Creating a FinOps practice as the first practitioner
By Dann Berg
Published or Updated on
Photo from Usplash
This is a written version of the talk I gave at the FinOps X 2022 conference in Austin, Texas called “And Then There Was FinOps: Creating and Scaling your Cloud-Native FinOps Practice.” The conference happened for me at a rare between-jobs moment, where I had just finished working at Datadog the week prior, and I wasn’t starting my new job at FullStory for another couple weeks (I wrote more about that decision here).
That presentation has now been posted on YouTube in full, so you have the choice to watch/listen instead of reading. Or do both, if the mood strikes.
Given the point in my career when I gave the talk, this post is focused on the things I was thinking about at the time: how I approach building a FinOps practice at a new company as an individual practitioner, and the lessons I’ve learned from past experience.
The imagined audience is twofold: individual practitioners looking to do something similar, and companies interested in building out this practice. But I also think the information has a potential wider appeal, as anyone can pick and choose bits and pieces that work for them.
How I think about FinOps
At its core, I believe FinOps can be narrowed down to two action areas:
- Decrease the money feedback loop
- Decrease price of cloud infrastructure
The other area of focus for FinOps is using infrastructure cost data to enable better-educated business and product decisions, but I’ll be mostly talking about those two action areas in this post.
The money feedback loop
When an engineer makes an infrastructure change, there are a few types of feedback that happen immediately. Worst case scenario, something went wrong and there’s an outage. Maybe things worked well and a bug is gone, or the site runs faster.
There’s a nearly instantaneous feedback loop for things like reliability, availability, speed, etc. Deploy the wrong code, and within minutes you might see degraded service or even a full outage.
At most companies, however, the money feedback loop is significantly longer (if it’s there at all). Typically, it’s the Finance department that’s fielding the cloud invoice, and it’s up to them whether they want to even connect with Engineering.

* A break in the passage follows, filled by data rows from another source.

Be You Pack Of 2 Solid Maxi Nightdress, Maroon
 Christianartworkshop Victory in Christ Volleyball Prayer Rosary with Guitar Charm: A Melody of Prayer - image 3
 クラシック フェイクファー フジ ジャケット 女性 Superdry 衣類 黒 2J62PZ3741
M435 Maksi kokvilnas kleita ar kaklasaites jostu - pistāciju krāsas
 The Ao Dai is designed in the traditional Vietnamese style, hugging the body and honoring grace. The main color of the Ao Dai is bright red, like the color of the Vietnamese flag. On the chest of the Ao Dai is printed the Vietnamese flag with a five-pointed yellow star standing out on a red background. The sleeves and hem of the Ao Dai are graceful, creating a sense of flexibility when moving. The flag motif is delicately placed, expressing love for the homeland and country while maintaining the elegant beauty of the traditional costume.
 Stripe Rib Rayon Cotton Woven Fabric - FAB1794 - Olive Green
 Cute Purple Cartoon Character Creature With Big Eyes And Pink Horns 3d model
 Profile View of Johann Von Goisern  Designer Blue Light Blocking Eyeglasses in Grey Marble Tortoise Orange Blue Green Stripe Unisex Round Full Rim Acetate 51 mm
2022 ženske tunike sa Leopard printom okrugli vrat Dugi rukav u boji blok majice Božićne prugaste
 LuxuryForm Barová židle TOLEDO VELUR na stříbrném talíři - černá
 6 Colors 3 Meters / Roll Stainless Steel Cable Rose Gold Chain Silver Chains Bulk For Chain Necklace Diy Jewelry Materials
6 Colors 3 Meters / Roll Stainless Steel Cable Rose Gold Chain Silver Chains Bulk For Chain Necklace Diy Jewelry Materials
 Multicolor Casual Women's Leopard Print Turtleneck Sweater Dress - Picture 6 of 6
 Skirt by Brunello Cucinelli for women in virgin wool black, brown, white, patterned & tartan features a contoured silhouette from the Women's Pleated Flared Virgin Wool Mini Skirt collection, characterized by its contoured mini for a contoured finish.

Sometimes the money feedback loop can be as long as 45 days — the invoice will arrive in the middle of the month, showing the cost impact of a change made at the beginning of the previous month. Tracking down the who, what, why becomes a whole production.
As a FinOps Practitioner, your goal is to reduce that money feedback loop as much as possible. It might not be instantaneous, but you should shoot for between three days to a week (a delay in billing data reporting on the cloud provider side prevents the loop from getting much smaller).
There are two tools in your tool chest that help here: cost dashboards and alerts. Are engineers able to view their costs? If so, are they actually looking? Do you have alerts set for certain types of anomalies?
The money feedback loop is all about providing visibility into an area of the business that’s not always presented to engineers. Not to slow progress, but to create a culture where engineers are aware that their actions have monetary reactions.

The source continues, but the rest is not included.